Defizite im ökologischen Zustand Schweizer Bäche
Kleine Bäche und Flüsse bilden den grössten Teil des 65'000 km langen Gewässernetzes der Schweiz, und sie beherbergen eine vielfältige Fauna. Viele dieser Gewässer sind aber stark von menschgemachten Beeinträchtigungen betroffen. Fast ein Viertel ist eingedolt oder es wurden andere Veränderungen an der Struktur der Bachbetten vorgenommen. Zudem sind die Bäche in stark landwirtschaftlich genutzten Einzugsgebieten oft durch Pestizide belastet.
Um ein differenziertes Bild über den ökologischen Zustand der Schweizer Bäche zu erhalten, wurden 99 Bäche des Mittellandes, Teilen des Juras und der Talebenen grösserer Täler beprobt. Die Studie wurde gemeinsam durchgeführt von der VSA-Plattform Wasserqualität, der Eawag und der Universität Zürich. Die Resultate wurden kürzlich in der Fachzeitschrift Aqua & Gas veröffentlicht.

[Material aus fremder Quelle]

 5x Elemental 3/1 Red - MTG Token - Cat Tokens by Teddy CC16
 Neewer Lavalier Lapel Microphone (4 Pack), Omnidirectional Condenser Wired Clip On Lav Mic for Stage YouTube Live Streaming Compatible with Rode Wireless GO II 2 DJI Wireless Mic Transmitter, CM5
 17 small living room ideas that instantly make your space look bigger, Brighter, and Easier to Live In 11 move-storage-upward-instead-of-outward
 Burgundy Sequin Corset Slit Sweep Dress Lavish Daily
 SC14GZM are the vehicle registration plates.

Die Auswahl soll ein möglichst unterschiedliches Ausmass menschlicher Einflüsse abdecken. Als Indikatoren für die Beurteilung wurden Fische und Makrozoobenthos gewählt. Unter Makrozoobenthos werden mit blossem Auge sichtbare, wirbellose Organismen am Gewässergrund zusammengefasst. Einzelne Arten dieser Gemeinschaft reagieren sehr empfindlich gegenüber Veränderungen in ihrer Umwelt, zum Beispiel auf Schadstoffe oder Verbauungen im und am Gewässer oder auf die Landnutzung im Einzugsgebiet. Die Diversität der kleinen Tiere ermöglicht daher wichtige Rückschlüsse auf die Wasser- und Gewässerqualität.

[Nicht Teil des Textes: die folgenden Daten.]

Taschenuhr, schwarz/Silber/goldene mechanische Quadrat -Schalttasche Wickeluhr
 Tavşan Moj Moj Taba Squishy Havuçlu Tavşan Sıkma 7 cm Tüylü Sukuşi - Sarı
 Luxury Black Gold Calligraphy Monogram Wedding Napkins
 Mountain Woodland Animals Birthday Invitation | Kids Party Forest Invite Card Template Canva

Nur etwa 20 Prozent in naturnahem Zustand
Die Untersuchungen des Makrozoobenthos und der Fische zeigen, dass die in früheren Studien dokumentierten grossen Belastungen kleiner Fliessgewässer mit Pestiziden aus der Landwirtschaft zum Fehlen von empfindlichen Insekten in den Gewässern führen. Die Mehrheit der untersuchten Bäche kann ihre Funktion als Lebensraum für Tiere nur eingeschränkt erfüllen. An knapp 80% der Stellen ist eine Beeinträchtigung dieser Wasserlebewesen durch menschliche Einflüsse sichtbar. Nur an etwa 20% der Stellen ist die Lebensgemeinschaft naturnah und standortgerecht.

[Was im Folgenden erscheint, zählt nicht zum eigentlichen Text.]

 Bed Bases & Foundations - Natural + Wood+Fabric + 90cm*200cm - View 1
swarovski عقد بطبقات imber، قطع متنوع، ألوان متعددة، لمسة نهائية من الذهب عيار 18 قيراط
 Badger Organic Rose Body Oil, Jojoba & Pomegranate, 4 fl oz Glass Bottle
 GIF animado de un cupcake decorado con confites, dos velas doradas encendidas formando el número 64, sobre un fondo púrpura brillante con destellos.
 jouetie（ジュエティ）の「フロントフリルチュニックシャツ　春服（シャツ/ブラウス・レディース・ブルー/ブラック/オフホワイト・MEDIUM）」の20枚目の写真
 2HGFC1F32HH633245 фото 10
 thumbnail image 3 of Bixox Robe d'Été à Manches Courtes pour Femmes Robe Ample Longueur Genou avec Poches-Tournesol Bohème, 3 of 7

Die Studie bestätigt somit, dass die Insektengemeinschaften in einem grossen Teil der Schweizer Bäche mit einer zu hohen Pestizidbelastung und einem schlechten ökomorphologischen Zustand stark gestört sind. Sie unterstreicht damit die Dringlichkeit von Massnahmen zum Schutz und zur Aufwertung dieser Gewässer. Eine Reduzierung der menschlichen Einflüsse ist entscheidend, um die Lebensräume für Tiere zu erhalten und die Biodiversität zu schützen.